◆ **Task requirements**: Please retype the listing exactly as it appears, skipping each picture.

◆ **Material provided**:
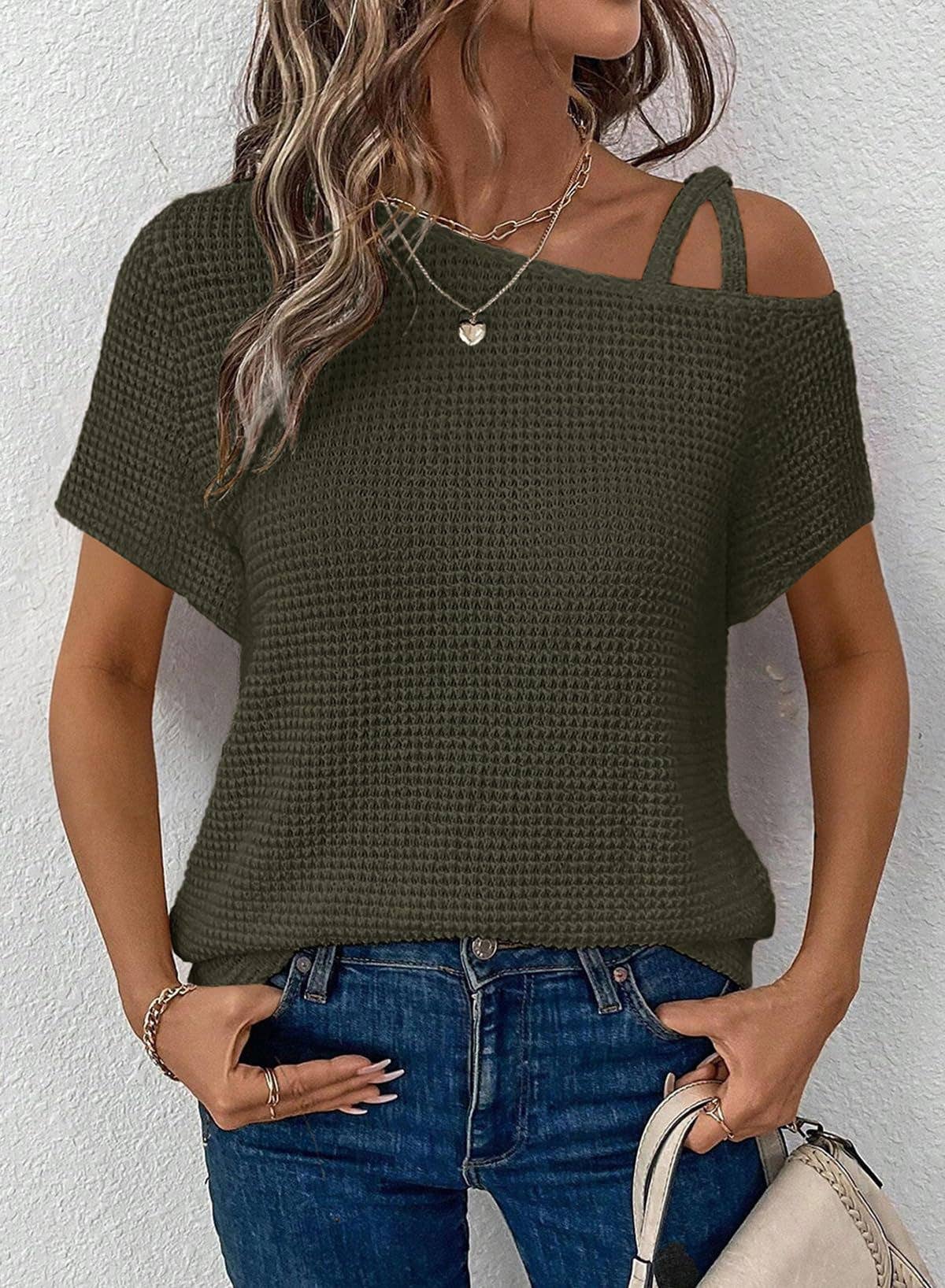 Short sleeved off-the-shoulder knit T-shirt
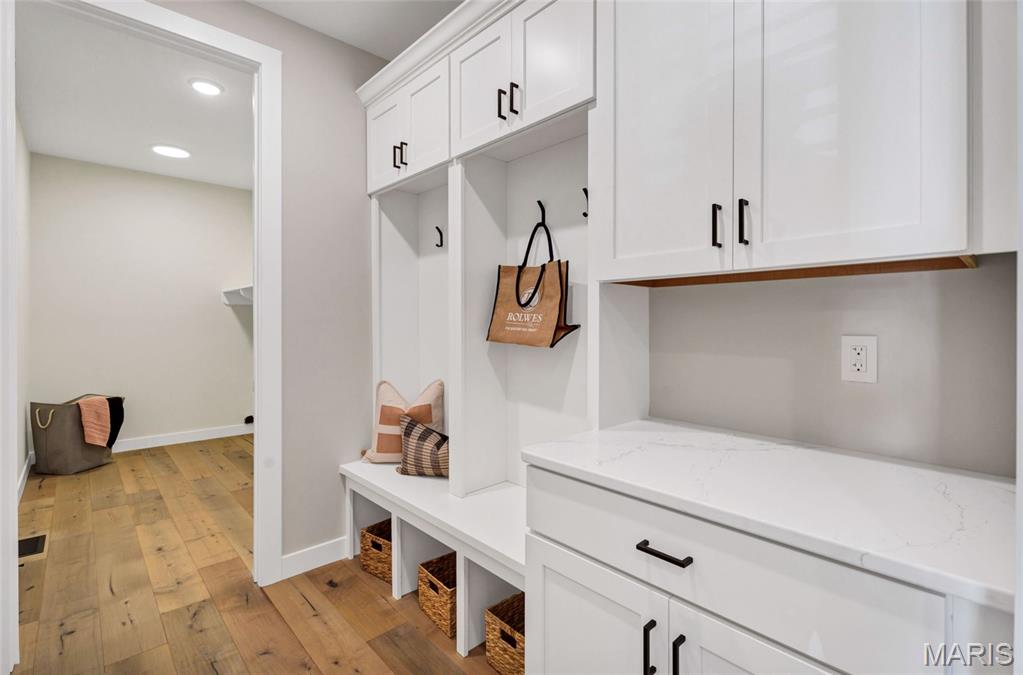 Gates Manor - Residential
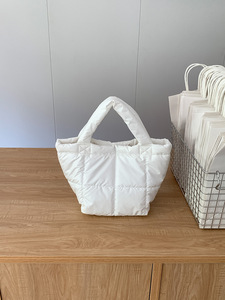 Sac fourre-tout à bandoulière grande capacité haut de gamme pour femme Bellmont, qualité 5A, avec logo personnalisé, design de marque, vente en gros - Product Image 3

◆ **Problem solution**:
 Short sleeved off-the-shoulder knit T-shirt
 Gates Manor - Residential
 Sac fourre-tout à bandoulière grande capacité haut de gamme pour femme Bellmont, qualité 5A, avec logo personnalisé, design de marque, vente en gros - Product Image 3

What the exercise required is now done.